[squid-users] Certificate transparency: problem for ssl-bumping, no effect, or?

MK2018 mohammed.khallaf at gmail.com
Fri Apr 13 20:41:03 UTC 2018


Hello :)



Alex Rousskov wrote
> Believe it or not, there are still many Squid use cases where bumping is
> unnecessary. This includes, but is not limited to, HTTPS proxying cases
> with peek/splice/terminate rules and environments where Squid possesses
> the certificate issued by CAs trusted by clients. There are also IETF
> attempts to standardize transmission of encrypted but proxy-cachable
> content.
> 
> I agree that Squid user base will shrink if nobody can bump 3rd party
> traffic, but that reduction alone will not kill Squid.
> 
> Alex.

I would definitely disagree. Rich countries citizens always forget the fact
that high quality corporate leased lines and dedicated bandwidth *do* cost
so much that letting users *hide* their unwanted traffic behind the *4th
amendment* HTTPS is unaffordable.


Naturally, HTTPS standards were designed to hide traffic. I don't mind users
hiding traffic content, let users burn in hell with it, let them rejoice
with Dante!

What I do mind is hiding full URLs and/or MIME types. Give me any low cost
solution that would reliably expose those and hide anything else you want.
Otherwise, it is useless to start a business first place!
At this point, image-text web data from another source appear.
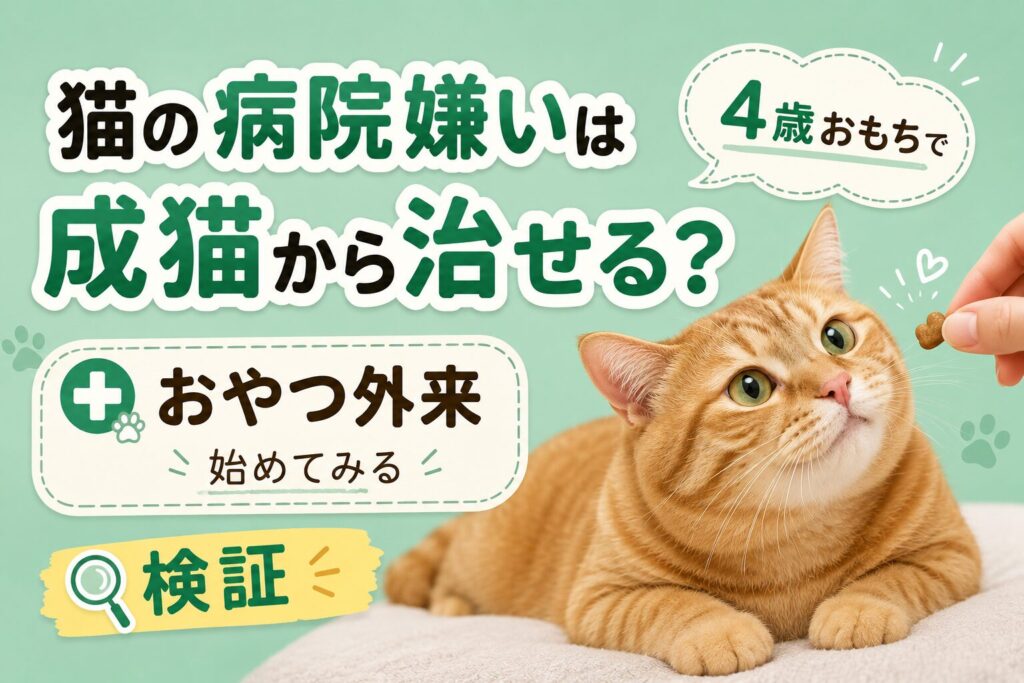 病院嫌いを克服中の茶トラ猫おもち（4歳）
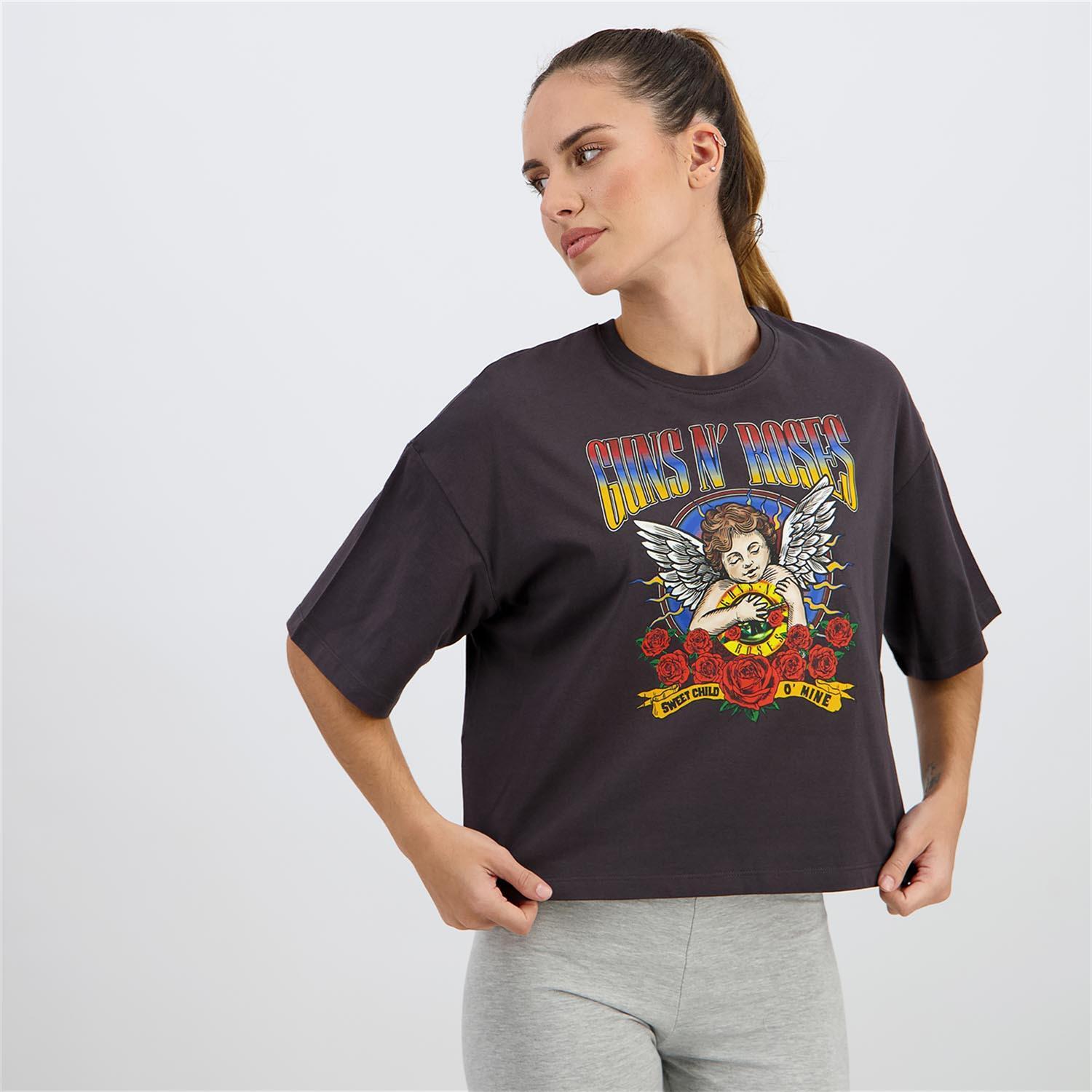 Gun N' Roses - Cinza - T-shirt Algodão Mulher tamanho L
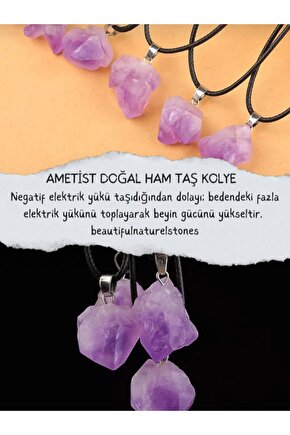 AMETİST DOĞAL TAŞ KOLYE UCU (SERTİFİKALI)(DERİ İPLİ)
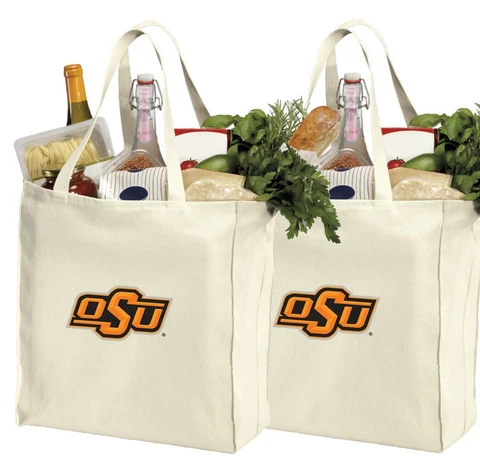 OK STATE Reusable Shopping Tote 2pc Set Oklahoma StateMOTHER'S DAY GIFT Cover
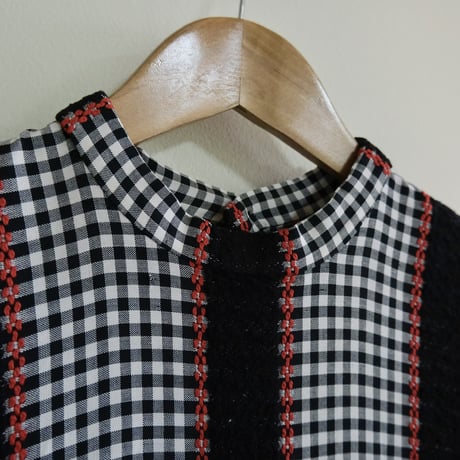 60s ~70s vintage gingham check dress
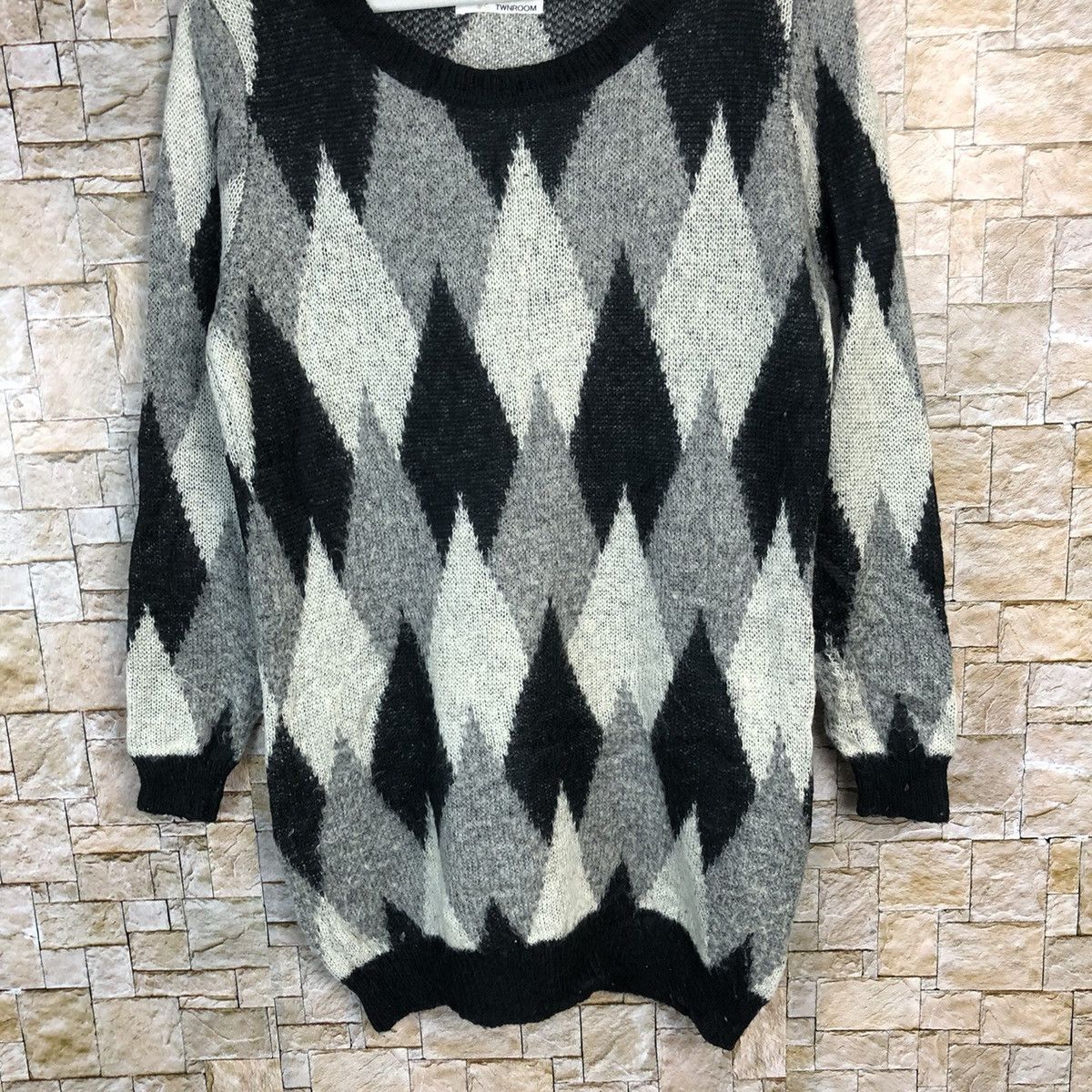 Homespun Knitwear Twhroom Grey Knitwear sweatshirt mohaor #A267 Size US S / EU 44-46 / 1 - 3 Thumbnail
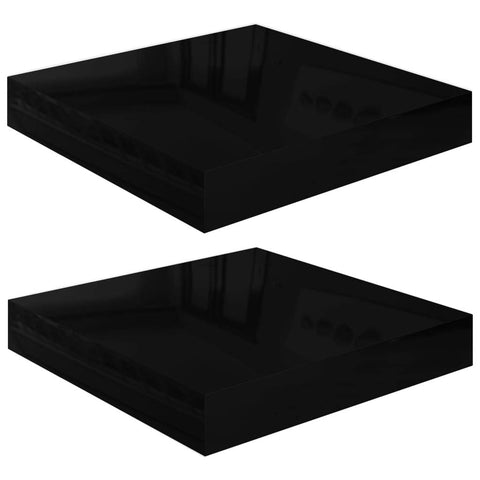 vidaXL Floating Wall Shelves 2 pcs - High Gloss Black, Modern Look, 9.1"x9.3"x1.5" MDF, Perfect for Book Display and Home Decor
I mean, even with appliances like those from Sophos or others that claim to
have full control over traffic, it still remains an ugly guess work combined
with an admin nightmare who then must block each and every category of
unwanted traffic!

Unless the protocol design changes to expose full URLs and/or MIME types,
nothing will replace Squid Bumping.

That being said, we are headed to the vortex by 2018.05.01. Let's drown
together, while we yell and curse at Google!